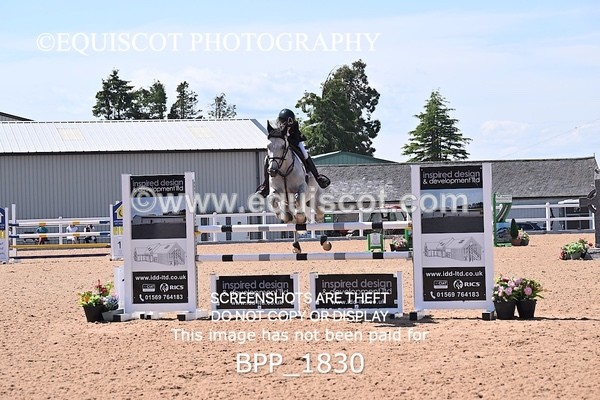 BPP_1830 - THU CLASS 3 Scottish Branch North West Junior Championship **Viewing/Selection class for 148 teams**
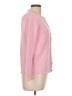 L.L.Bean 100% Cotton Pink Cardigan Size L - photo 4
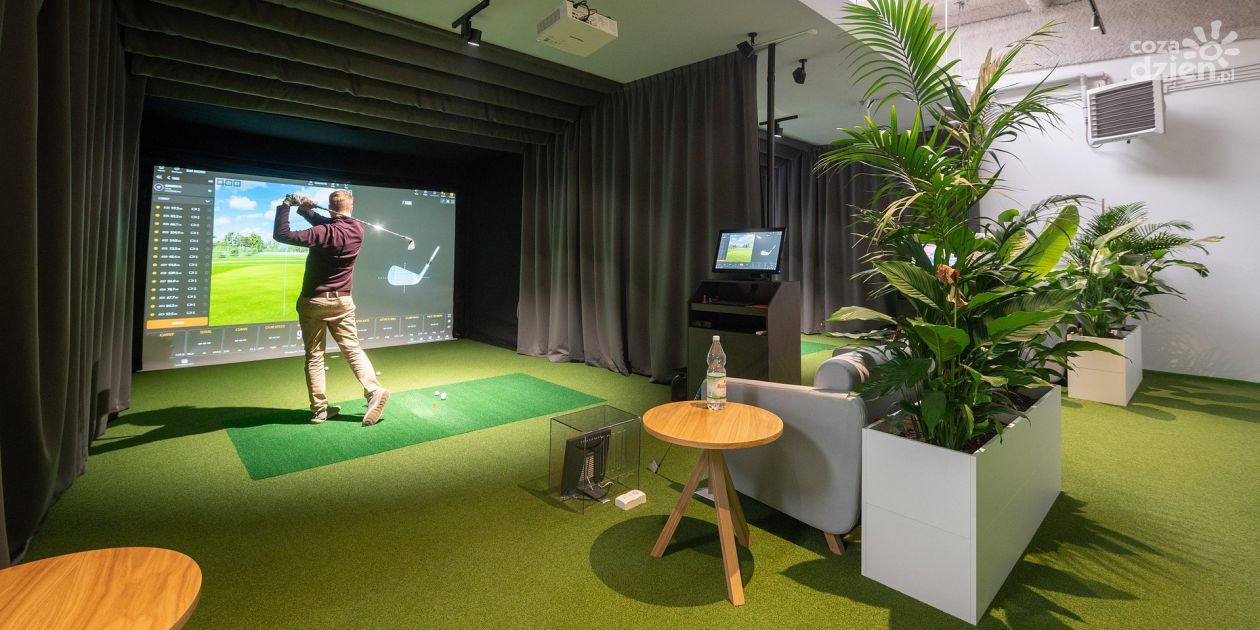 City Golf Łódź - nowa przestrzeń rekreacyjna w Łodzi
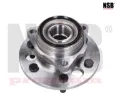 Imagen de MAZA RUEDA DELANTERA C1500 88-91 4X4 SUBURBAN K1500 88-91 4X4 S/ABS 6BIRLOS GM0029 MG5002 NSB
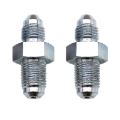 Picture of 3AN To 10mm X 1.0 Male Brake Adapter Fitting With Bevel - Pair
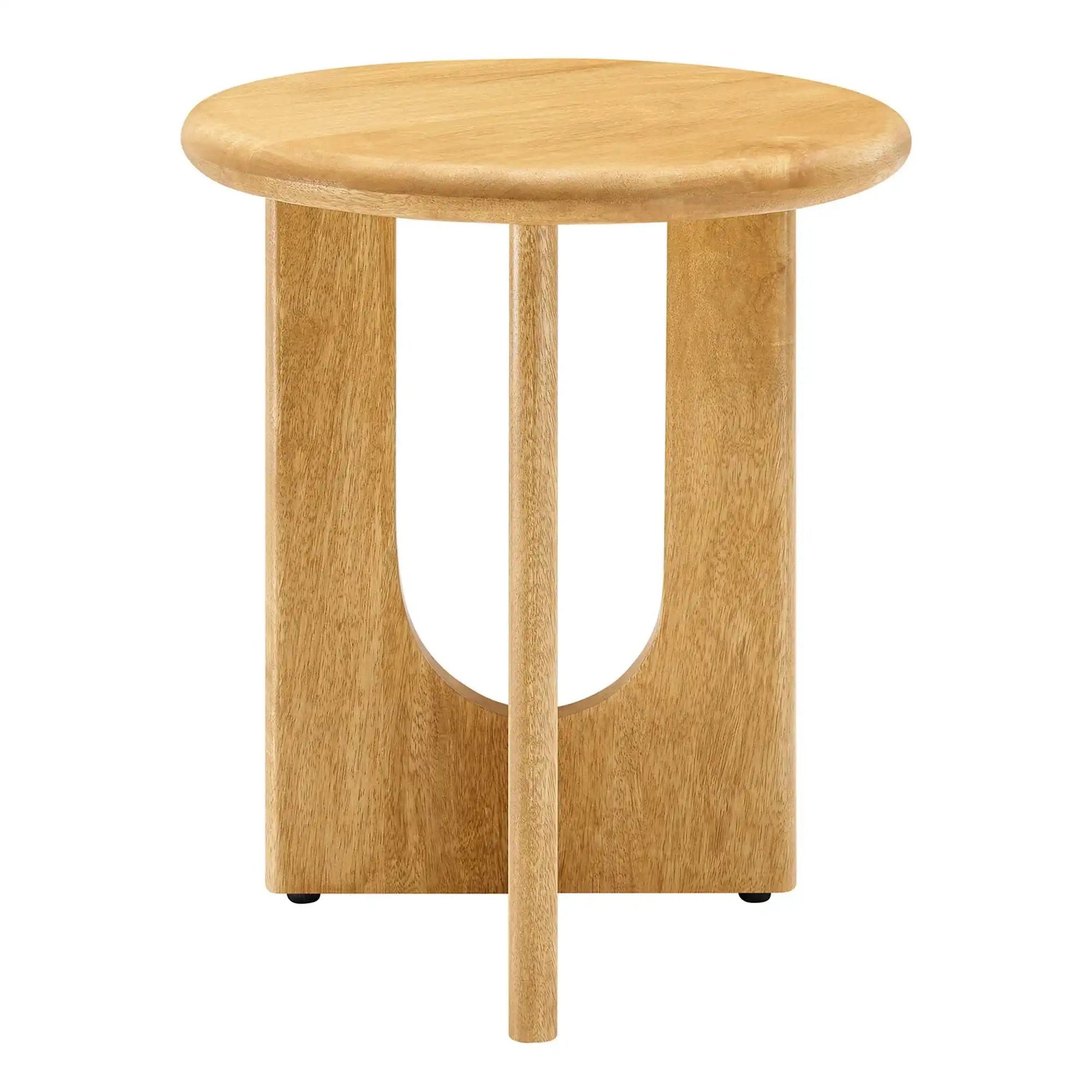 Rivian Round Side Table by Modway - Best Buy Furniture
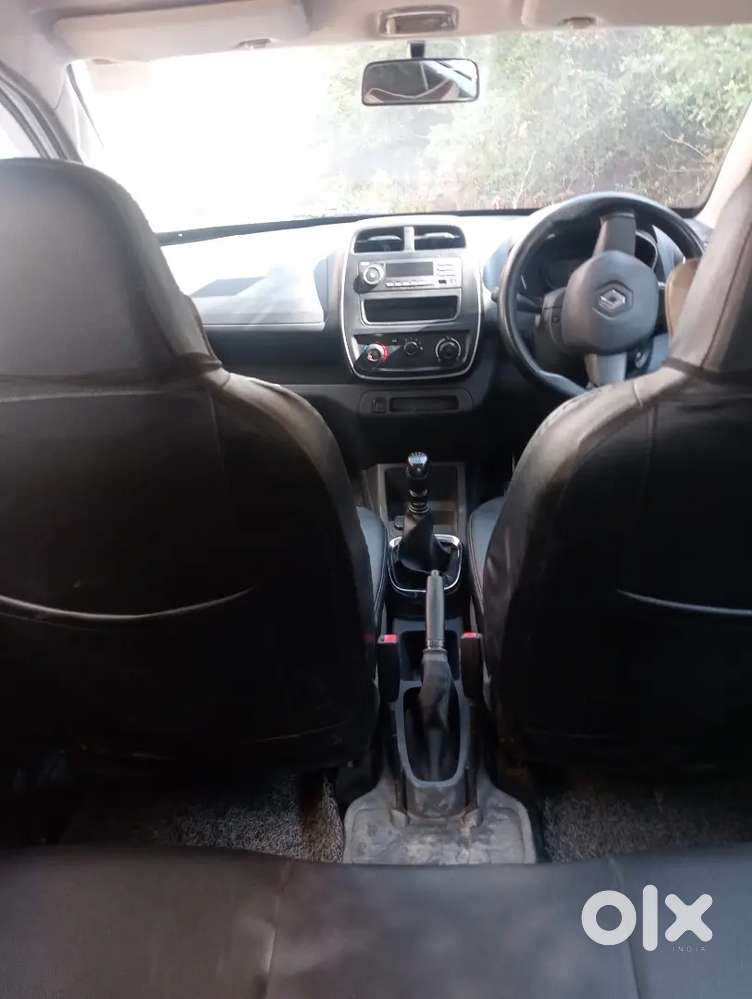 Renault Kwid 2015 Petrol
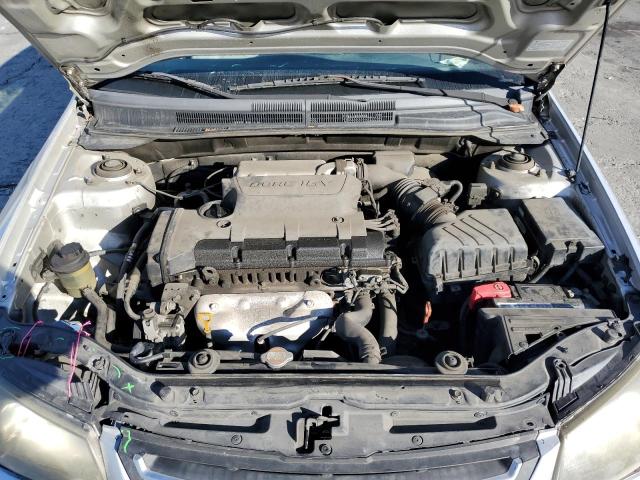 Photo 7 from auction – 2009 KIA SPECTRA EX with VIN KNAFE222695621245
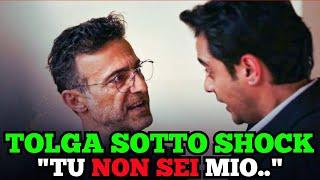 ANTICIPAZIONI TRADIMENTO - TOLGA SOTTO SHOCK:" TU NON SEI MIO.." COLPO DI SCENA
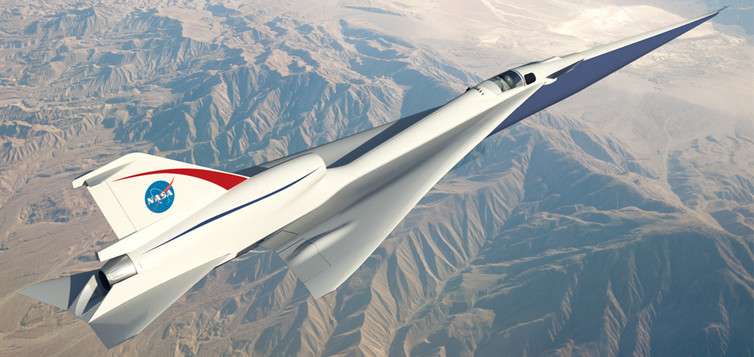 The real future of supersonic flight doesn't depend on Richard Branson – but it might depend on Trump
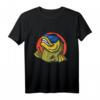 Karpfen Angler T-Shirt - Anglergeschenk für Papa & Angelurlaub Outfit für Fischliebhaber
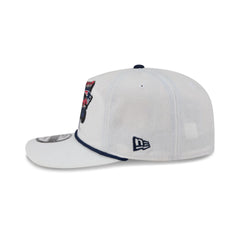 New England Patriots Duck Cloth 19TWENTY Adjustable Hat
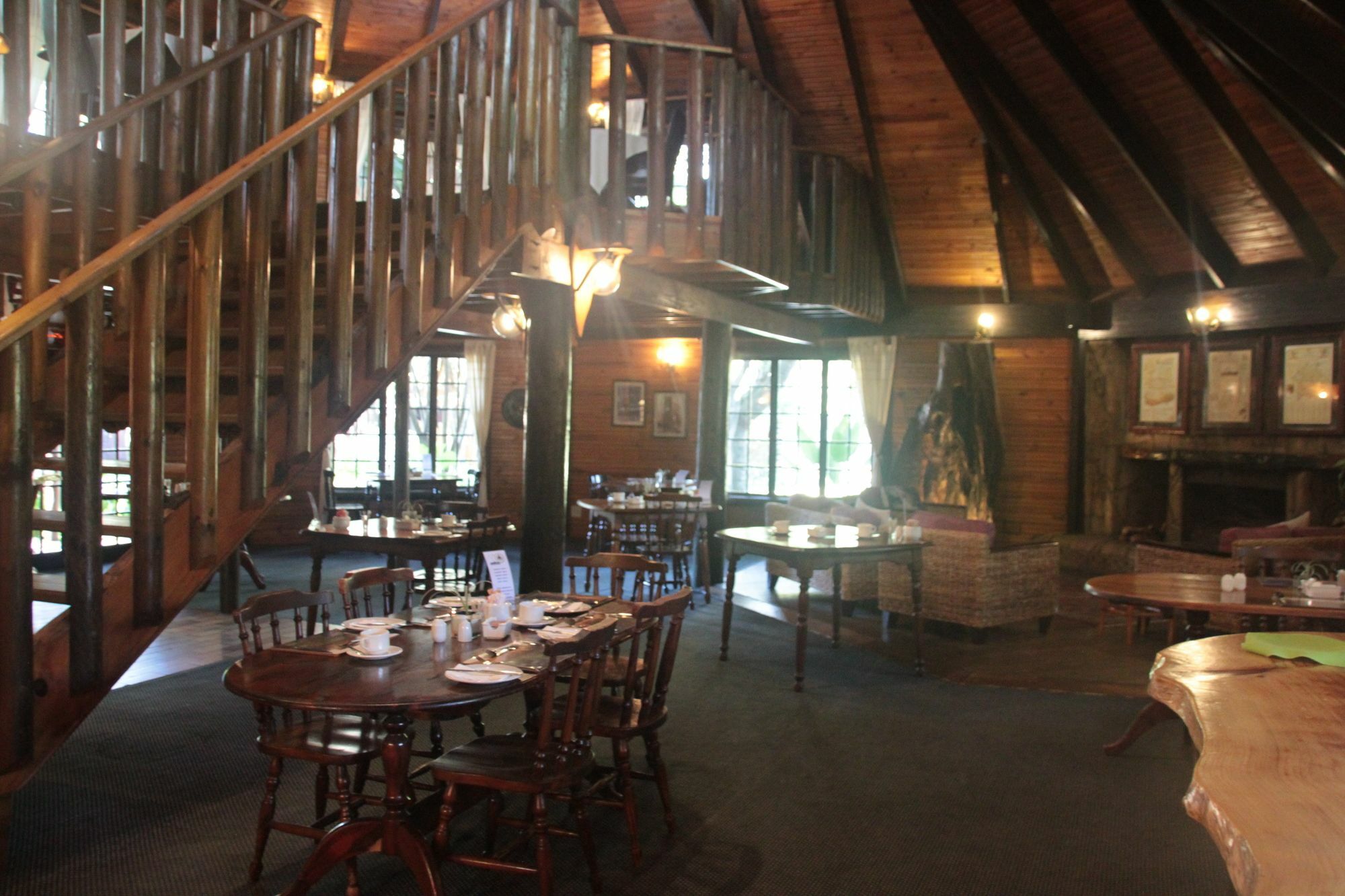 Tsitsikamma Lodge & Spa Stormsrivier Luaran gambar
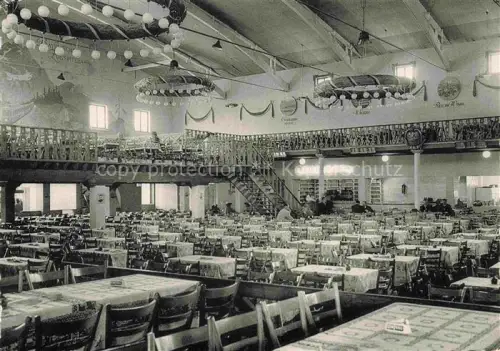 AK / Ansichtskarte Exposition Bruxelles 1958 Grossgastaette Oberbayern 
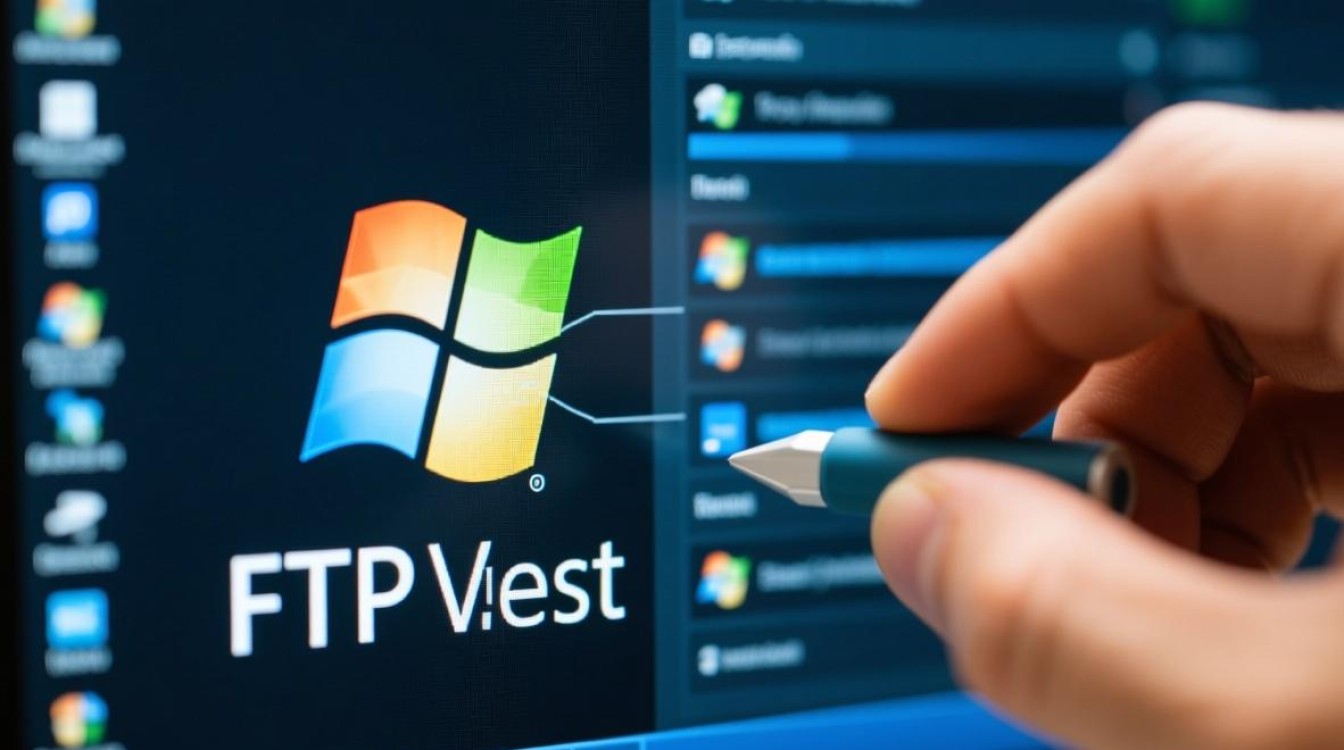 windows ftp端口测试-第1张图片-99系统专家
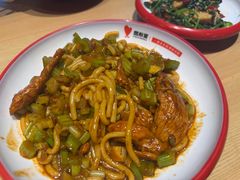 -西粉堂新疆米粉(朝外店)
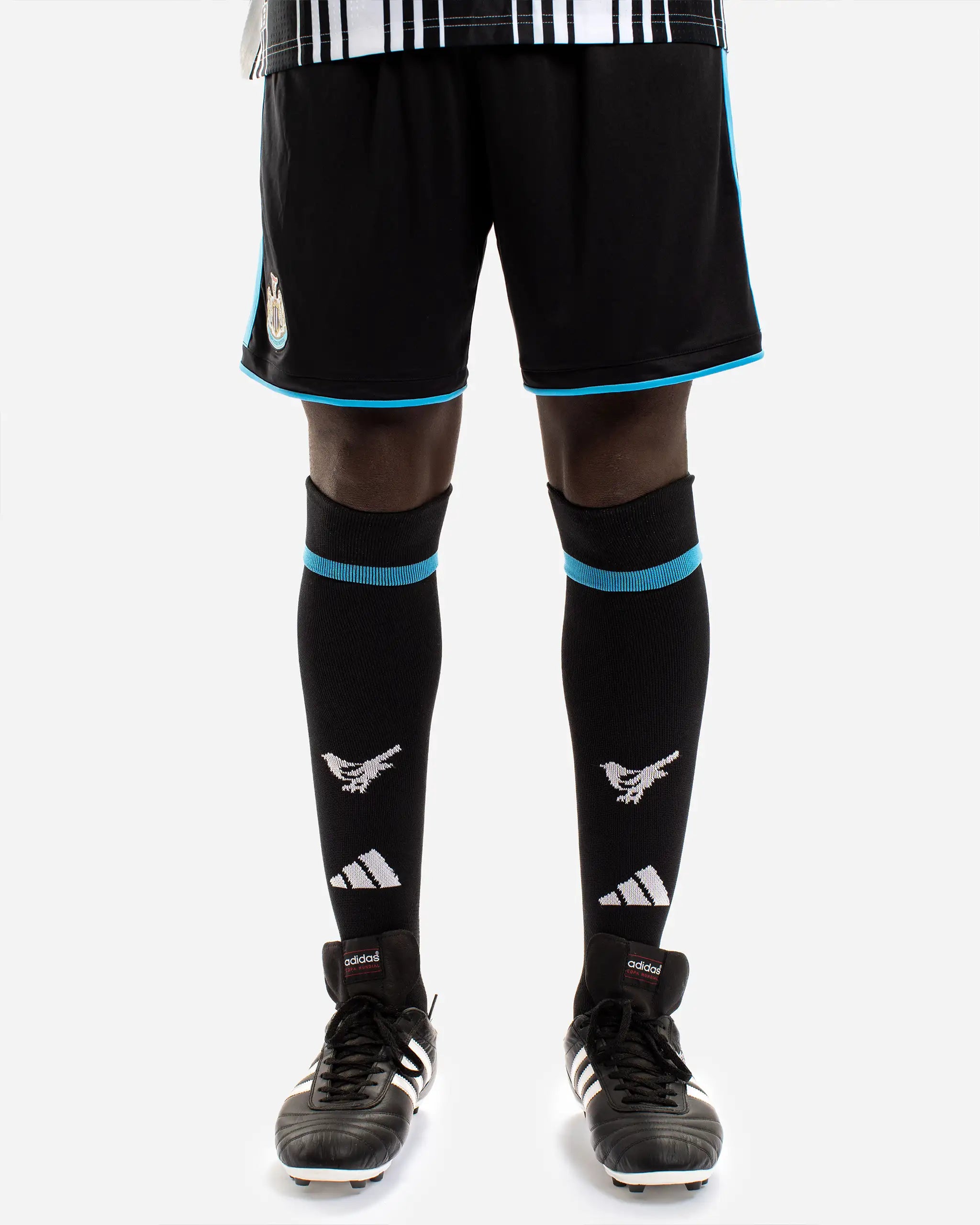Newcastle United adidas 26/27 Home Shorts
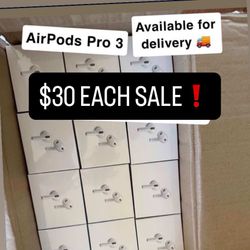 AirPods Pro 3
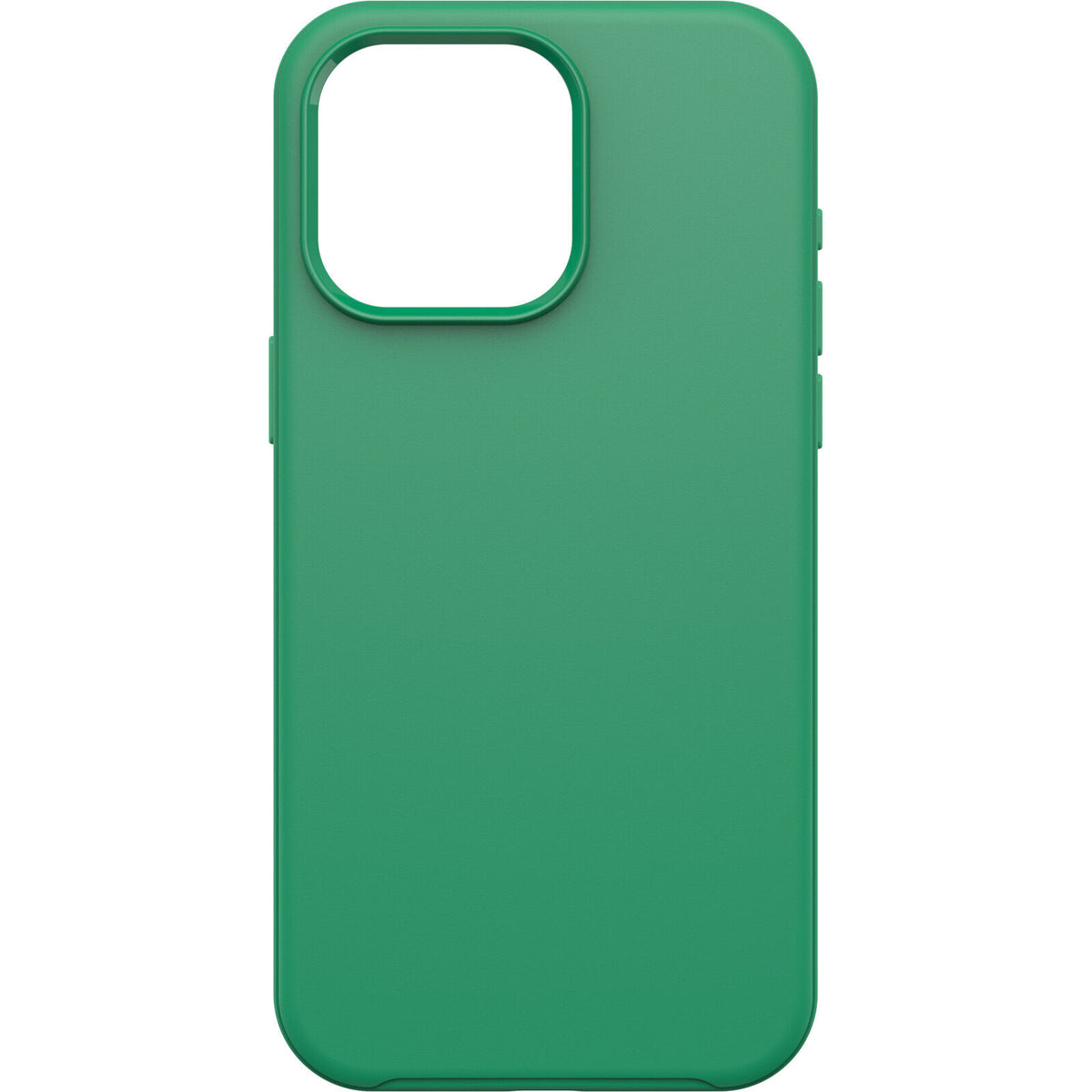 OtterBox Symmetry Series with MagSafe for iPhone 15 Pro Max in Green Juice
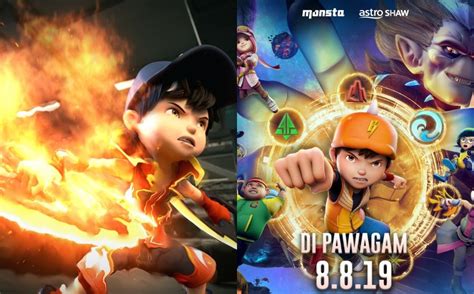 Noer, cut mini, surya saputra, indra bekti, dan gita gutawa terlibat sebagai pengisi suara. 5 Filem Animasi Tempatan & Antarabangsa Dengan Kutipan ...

Problem to work on: Your reply should hold every line above exactly as written and none of the pictures.

Answer to this task:
 BPP_1830 - THU CLASS 3 Scottish Branch North West Junior Championship **Viewing/Selection class for 148 teams**
 L.L.Bean 100% Cotton Pink Cardigan Size L - photo 4
 City Golf Łódź - nowa przestrzeń rekreacyjna w Łodzi
 Imagen de MAZA RUEDA DELANTERA C1500 88-91 4X4 SUBURBAN K1500 88-91 4X4 S/ABS 6BIRLOS GM0029 MG5002 NSB
 Picture of 3AN To 10mm X 1.0 Male Brake Adapter Fitting With Bevel - Pair
 Rivian Round Side Table by Modway - Best Buy Furniture
 Renault Kwid 2015 Petrol
 Photo 7 from auction – 2009 KIA SPECTRA EX with VIN KNAFE222695621245
 ANTICIPAZIONI TRADIMENTO - TOLGA SOTTO SHOCK:" TU NON SEI MIO.." COLPO DI SCENA
 The real future of supersonic flight doesn't depend on Richard Branson – but it might depend on Trump
 Karpfen Angler T-Shirt - Anglergeschenk für Papa & Angelurlaub Outfit für Fischliebhaber
 New England Patriots Duck Cloth 19TWENTY Adjustable Hat
 Tsitsikamma Lodge & Spa Stormsrivier Luaran gambar
 AK / Ansichtskarte Exposition Bruxelles 1958 Grossgastaette Oberbayern 
 windows ftp端口测试-第1张图片-99系统专家
 -西粉堂新疆米粉(朝外店)
Newcastle United adidas 26/27 Home Shorts
 AirPods Pro 3
 OtterBox Symmetry Series with MagSafe for iPhone 15 Pro Max in Green Juice
 Noer, cut mini, surya saputra, indra bekti, dan gita gutawa terlibat sebagai pengisi suara. 5 Filem Animasi Tempatan & Antarabangsa Dengan Kutipan ...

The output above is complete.